On comprend, à la lecture de ces lignes, pourquoi la rencontre qui a lieu quelques années plus tard entre Breton et Fourier peut établir entre ces deux hommes un courant de haute tension. L’utopie fouriériste apparaît au poète surréaliste comme le lieu fabuleux, comme la caverne remplie de « trouvailles » où le désir est sans cesse maintenu en état d’éveil. La richesse de Fourier réside dans l’immense pouvoir attractif du nouveau monde que, tel Christophe Colomb, il a découvert. Et cette séduction est d’autant plus forte que ses idées ont un caractère d’étrangeté et de fraîcheur absolues. Les analogies qu’il découvre entre l’âme et la nature, entre les passions humaines, les animaux et les plantes [29] ont une haute valeur poétique dans la mesure où elles sont capables de nous présenter notre monde quotidien sous un jour radicalement nouveau ; elles font surgir en lui des possibles que nous ne soupçonnions pas. Les analogies redonnent sens à ce qui nous entoure en montrant qu’il existe entre les choses des liens plus profonds que les rapports de causalité. Ces derniers expliquent le monde en le ramenant au connu alors que l’analogie tente de découvrir des passages secrets, seuls susceptibles d’aiguillonner le désir en l’incitant à poursuivre sa quête vers l’inconnu.

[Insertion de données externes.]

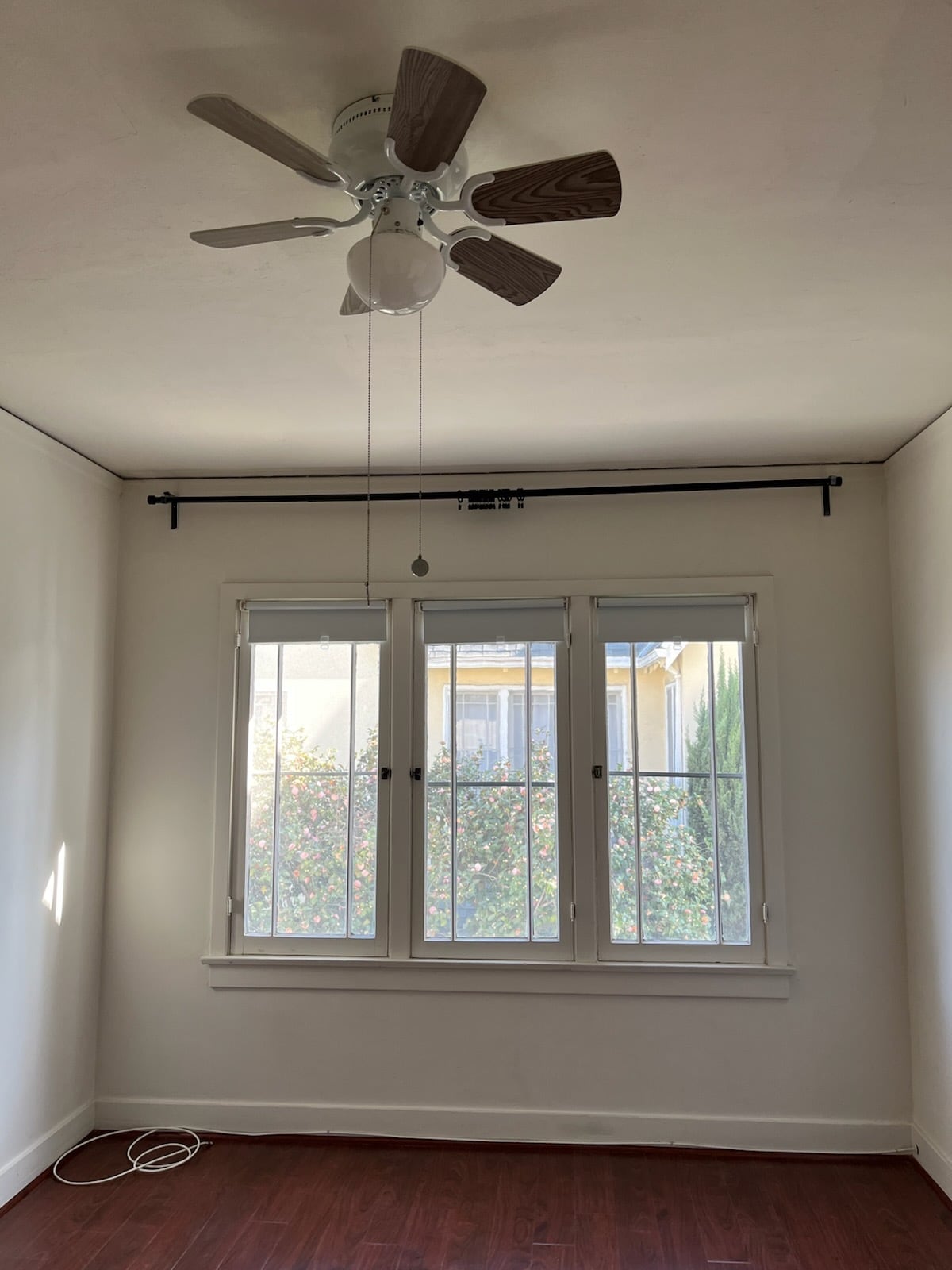 Building Photo - 2103 Huntington Dr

L’utopie de Fourier prend donc, avec la rencontre de Breton, un tour particulier. Ce que le poète surréaliste retient d’elle, c’est sa capacité d’éveiller le désir. Le centre autour duquel s’organise tout le système est bien « l’attraction passionnelle » et le disciple de Fourier se doit donc de la mettre en mouvement par tous les moyens dont il dispose. C’est aux immobilismes qui « veulent claquemurer l’homme dans la Civilisation » qu’il faut opposer la force de l’imagination. Rien ne saurait nous contenter de ce qui est ; se limiter à la force d’inertie d’une réalité morne sans écouter le désir, c’est renoncer à la vie et à sa fraîcheur de rosée.
Il n’est pas une manette à quoi se fier une fois pour toutes
Comme pas un lieu commun dogmatique qui ne chancelle
devant le doute et l’exigence ingénus [30] ».
Breton n’a pas eu le projet d’établir un phalanstère en suivant à la lettre les projets de Fourier. Pourtant, on peut se demander si le groupe surréaliste lui- même ne fut pas, dans l’esprit, une véritable réalisation de ce projet communautaire. En maintenant entre ses membres un véritable état de tension électrique [31], ce groupe fut en mesure de conduire le désir à ses plus hautes réalisations.